Gluten-Free French Bread:
This is a delicious recipes for gluten-free French bread that is comparable with the original version. It has a nice, airy center and a crispy crust.
Following recipe makes 1 large loaf…
1 cup of sorghum flour
1½ cup of potato starch
½ cup of tapioca starch or flour
1½ teaspoon of salt
1 tablespoon of sugar
1 teaspoon of xanthan gum
1 teaspoon of guar gum (or another teaspoon xanthan gum)
1½ tablespoons instant yeast or bread machine yeast
1 tablespoon of olive oil
3 large egg whites
1 teaspoon of cider vinegar
1 cup warm water (110 – 115°F)
- In a large mixing bowl, combine sorghum flour, potato starch, tapioca starch, salt, sugar, xanthan gum, guar gum, and yeast. Mix until well incorporated.
- Add the olive oil and egg whites and mix to incorporate.
- Add the vinegar and most of the water. Beat for 2 minutes, adding the remaining water if needed to make a soft dough.
- Spoon the dough onto an aerated pan and carefully shape with a spatula. Because the dough is soft, it will go through the small holes in the pan. Don't press hard when shaping.

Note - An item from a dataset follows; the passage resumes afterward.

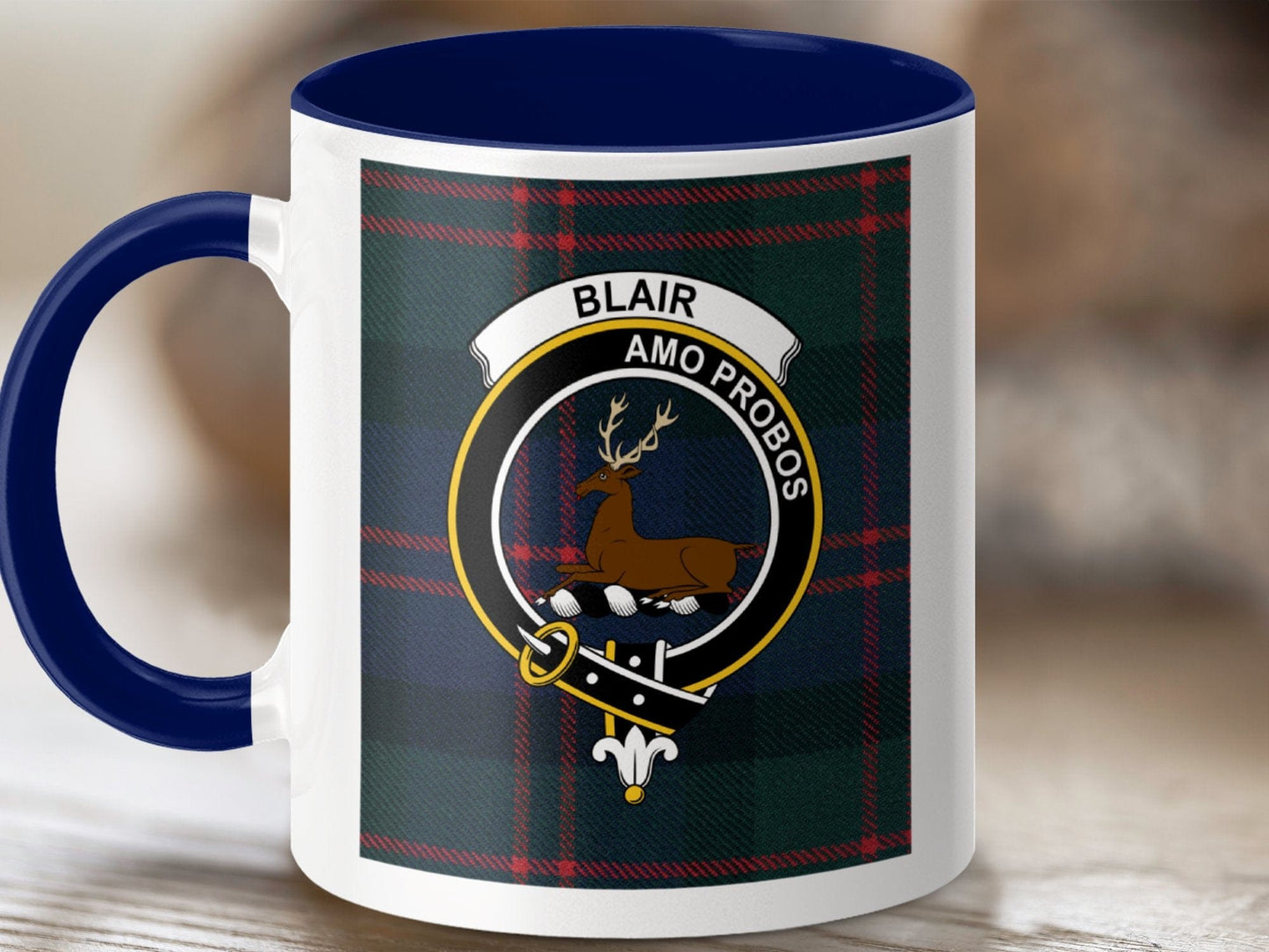 Physical Item 11oz / Dark Blue Blair Clan Scottish Tartan Crest Mug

- If you like, you can brush the top with beaten egg white.
- Use a sharp knife to cut several slits in the top of each loaf.
- Place the pan in a cold oven on a middle rack. Turn the oven on to 425°F and bake for 30 – 35 minutes.
- Cool the loaves completely on a wire rack before slicing and serving.
There are many reasons for going gluten-free or grain-free, and all of them personal to each unique individual. If you happen to be one of these people or know someone who is, then you can still make wonderful, hearty bread without sacrificing flavor.
Alternative Uses for Stale Breads
Many times, bread will go stale and be thrown out without a second thought to all of the wonderful recipes that are borne of stale breads. Some people will cut up their bread and sit it out on the counter for a day or two in order to make it stale just so that they can make one of these great recipes. Whether you have bread go stale on its own or you speed up the process a bit, there are many alternative uses for stale bread that are quick, easy, and delicious.
1. Learn about some of the uses for stale bread
Uses for Stale Bread:
To some, it can be surprising the amount of uses there are for stale bread. You can use stale bread for French Onion soup, to make breadcrumbs, soufflés, bread pudding, bisques, meatloaf, stuffing, croutons, French toast and so much more. Before throwing away stale bread, you should always consider mixing it up with a few moist ingredients and making something utterly delicious.
Bread crumbs are an excellent option for day old bread because they have a variety of uses, from frying chicken to meatloaf. They can also be stored for up to 6 months as long as they are thoroughly cooled before storing, and they take very little time to make.
The best bread crumbs are made from bread that does not have too thick of a crust. If the bread you are working with is particularly crusty, then just trim off some of the excess crust before commencing with the recipe.
Following recipe makes roughly 3 cups of bread crumbs…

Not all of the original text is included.